Thursday, November 11, 2010

VeganMoFo Day 11 - Oatmeal and Applesauce

Most of these songs I'm posting on here were recorded when Anna was a baby/toddler. She loved oatmeal and applesauce, so of course I sang songs about it.

Liam liked/likes things too, but I don't sing as much as I used to. It might have something to do with having less time. Or maybe he doesn't react to them in the same positive way Anna used to. Or maybe I've just died a bit inside after having a second kid? Who knows?


Anonymous said...

This is the worst song you have posted yet. And by worst, of course, I mean the best.

Just further evidence that you've listened to Radiohead far too much in your life.


Allison, The Busy (Happy!) Vegan said...

So fun to hear all of these. We have lots of songs about yummy food in our house, too, though they usually all have the same tune. I`m not so creative in the music department.

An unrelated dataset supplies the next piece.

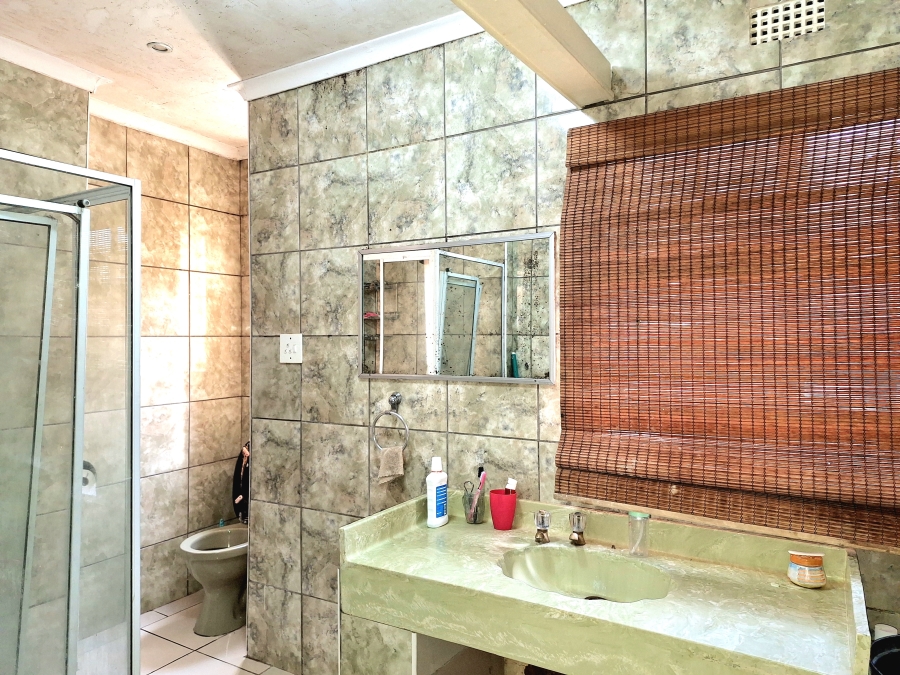 3 Bedroom Property for Sale in Sophiatown Gauteng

Songs aside, I`ve been working on teaching our little bear that she`s vegan, but it seems a bit of a struggle to really get her to understand (she`s 2). I`m just going with a pretty basic "we don't eat animals, cow's milk, etc." but I don't think it's catching on too well. Any tips?

Al said...

Hi Allison.

Personally, I stay away from any "You are vegan because..." statements, since they seem like religious indoctrination to me. In the same way that no 2 year old is a Christian, I don't think a 2 year old can be vegan either. The similarity between religion and social positions like veganism is that they are largely personally meaningless unless they're chosen by the individual, as opposed to conferred via indoctrination. (Personally, I think the similarities between religion and veganism all but end there, but maybe that's just me.)

So the way I would talk to Anna about it at that age is to just talk about animals as the individuals that they are. Always try to use "him" and "her" instead of "it," for example. I have a phrase that I break out now and then: "_____ are people, too," inserting the animal species name in the front, like Dogs or Cats or Squirrels. (I started saying this after reading Francione's "Animals as Persons")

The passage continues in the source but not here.